**Dataset excerpts:**
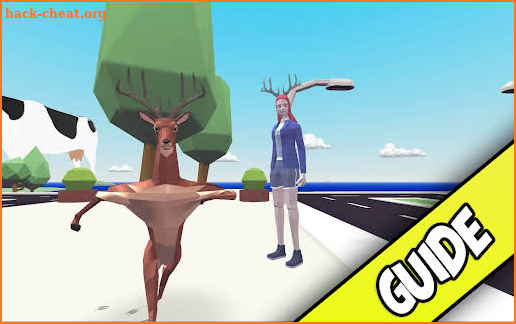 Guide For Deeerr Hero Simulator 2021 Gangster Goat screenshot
--
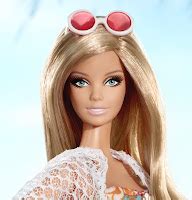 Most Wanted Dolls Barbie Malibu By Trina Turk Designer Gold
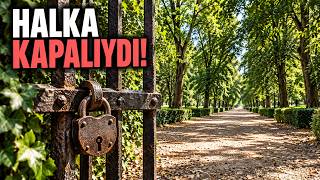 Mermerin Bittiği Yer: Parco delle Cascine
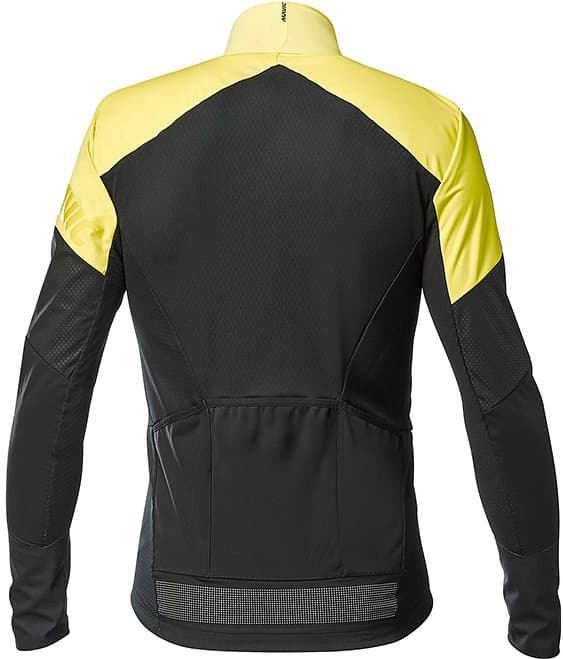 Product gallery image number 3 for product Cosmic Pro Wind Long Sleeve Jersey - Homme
---
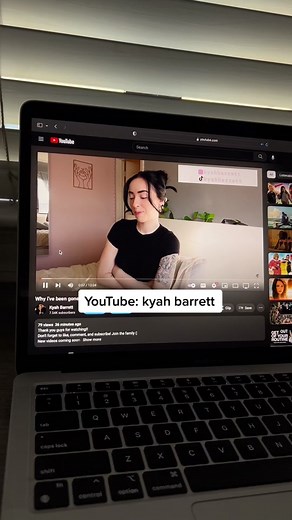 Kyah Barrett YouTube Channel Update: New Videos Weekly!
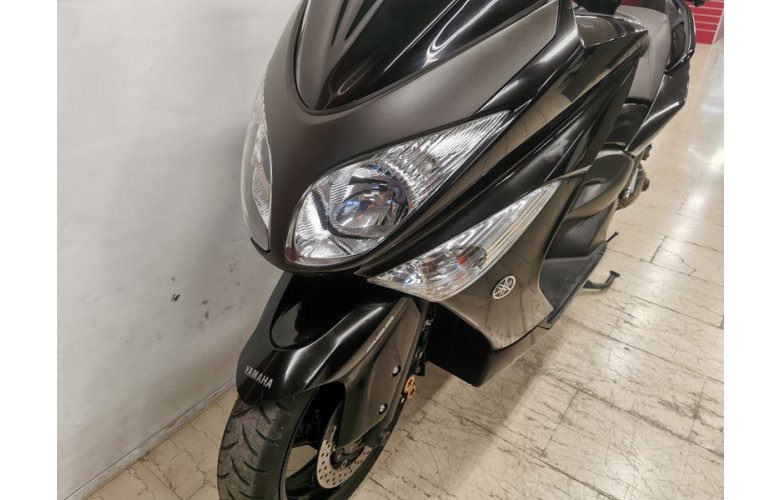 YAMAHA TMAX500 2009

**Task details:** Starting at the line above that has "Kyah Barrett YouTube" and ending at the line that has "YAMAHA TMAX500 2009", copy each line exactly, leaving the pictures out and adding nothing.

**Task result:**
 Kyah Barrett YouTube Channel Update: New Videos Weekly!
 YAMAHA TMAX500 2009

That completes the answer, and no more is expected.